Rapid fact-gathering, targeted custodial interviews, and focused document collection reduce downstream surprises. Key elements include:
– Identifying core issues and likely causes of action and defenses
– Mapping custodians, data sources, and potential privilege risks
– Estimating exposure scenarios and litigation budget bands
– Evaluating alternative dispute resolution (ADR) prospects
Smart early work positions parties to negotiate from strength, design focused discovery, and avoid costly detours.
Discovery and technology: manage volume, preserve quality
Discovery in major matters can be overwhelming. Efficient use of e-discovery platforms and machine-assisted review workflows (when appropriate) lowers cost and accelerates responsiveness without sacrificing defensibility. Best practices include:
– Implementing defensible preservation and legal hold protocols
– Using issue-driven search terms and targeted sampling before broad collection
– Maintaining detailed chain-of-custody and privilege logs
– Coordinating IT, security, and outside vendors to prevent spoliation
Investing in process and documentation early preserves credibility in court and minimizes motion practice over discovery disputes.
Experts, admissibility, and the Daubert landscape
Expert testimony often decides high-stakes cases. Selecting credible experts who can explain complex topics clearly to judges and juries matters more than ever. Defense counsel should be ready to challenge methodology and reliability; plaintiffs must ensure sound methodological foundations. Robust expert reports, transparent data sources, and rehearsed direct and cross-examination strategies are essential.
Trial readiness and persuasive narrative
Even when settlement is likely, trial preparation produces better outcomes. Developing a coherent theme and storyline that ties legal elements to human impact is critical for jury persuasion. Trial playbooks — including demonstrative exhibits, witness prep, and mock voir dire — reduce surprises and accelerate decision-making when settlement windows open.

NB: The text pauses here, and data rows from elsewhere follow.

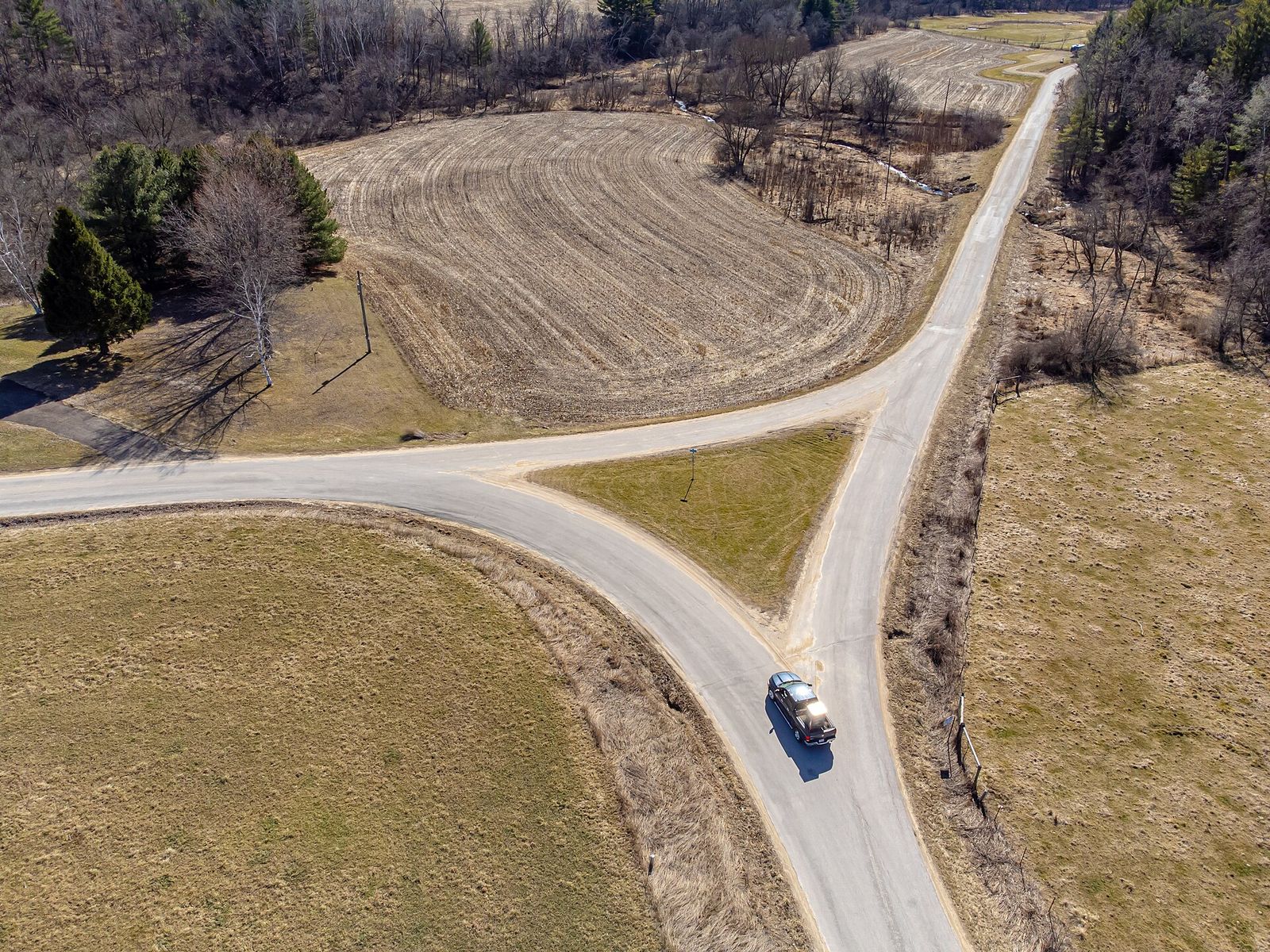Aerial view of a country road dividing in two at a grassy fork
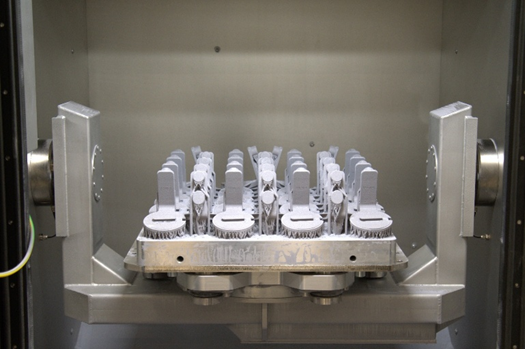 A metal 3D printer build plate holds multiple identical metal parts arranged in rows, inside the printers chamber. The parts appear unfinished with support structures attached.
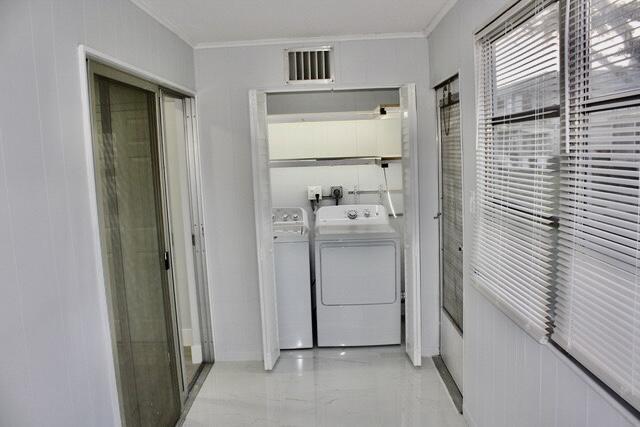 laundry area with washer and clothes dryer and ornamental molding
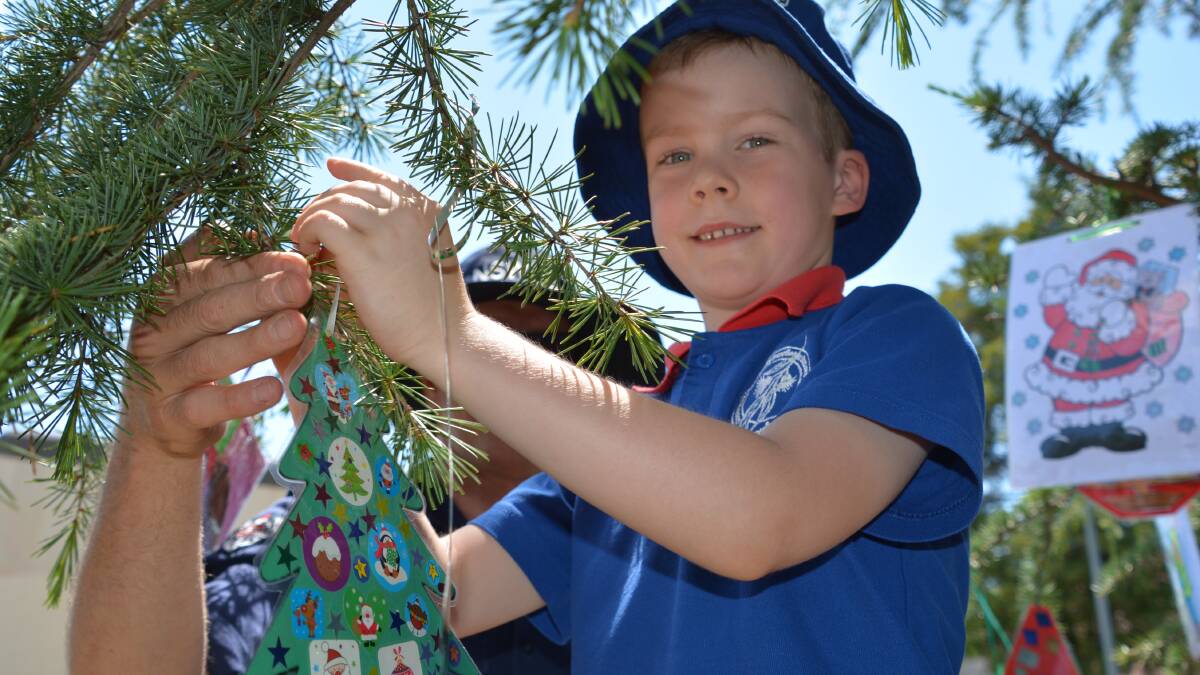 Springwood Public School students from kindergarten to year 2 made Christmas decorations which they hung on the biggest tree in Manners Park in Springwood on Thursday, ably assisted by firefighters from Springwood Fire and Rescue NSW.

Settlement strategy and timing

Settlement is often more about timing and risk tolerance than merit alone. Effective negotiators combine economic modeling with an understanding of non-economic drivers such as reputational harm, regulatory attention, and business disruption.
Structured settlements, confidentiality provisions, and release scopes should be negotiated with an eye toward downstream operations and compliance.
Cross-border and regulatory complexity
High-stakes disputes frequently cross borders. Managing multijurisdictional discovery, differing privilege rules, and conflicting regulatory regimes requires early coordination among local counsel, forensic teams, and in-house stakeholders. Proactive engagement with regulators and careful public communications can mitigate collateral damage.
Practical checklist for teams handling high-stakes cases
– Conduct rapid early case assessment and budget forecasting
– Design defensible preservation and collection plans
– Use targeted discovery and advanced analytics to reduce volume
– Identify and prepare key witnesses and credible experts
– Create a clear litigation narrative and trial playbook
– Evaluate ADR options and settlement timing continually
– Coordinate cross-border counsel and regulatory strategy
– Plan public communications and reputational risk management
High-stakes litigation tests legal skill, operational discipline, and strategic judgment. Teams that combine meticulous preparation, efficient use of technology, and a clear view of business objectives gain control of process and outcomes, improving chances to protect value and reputation when stakes are highest.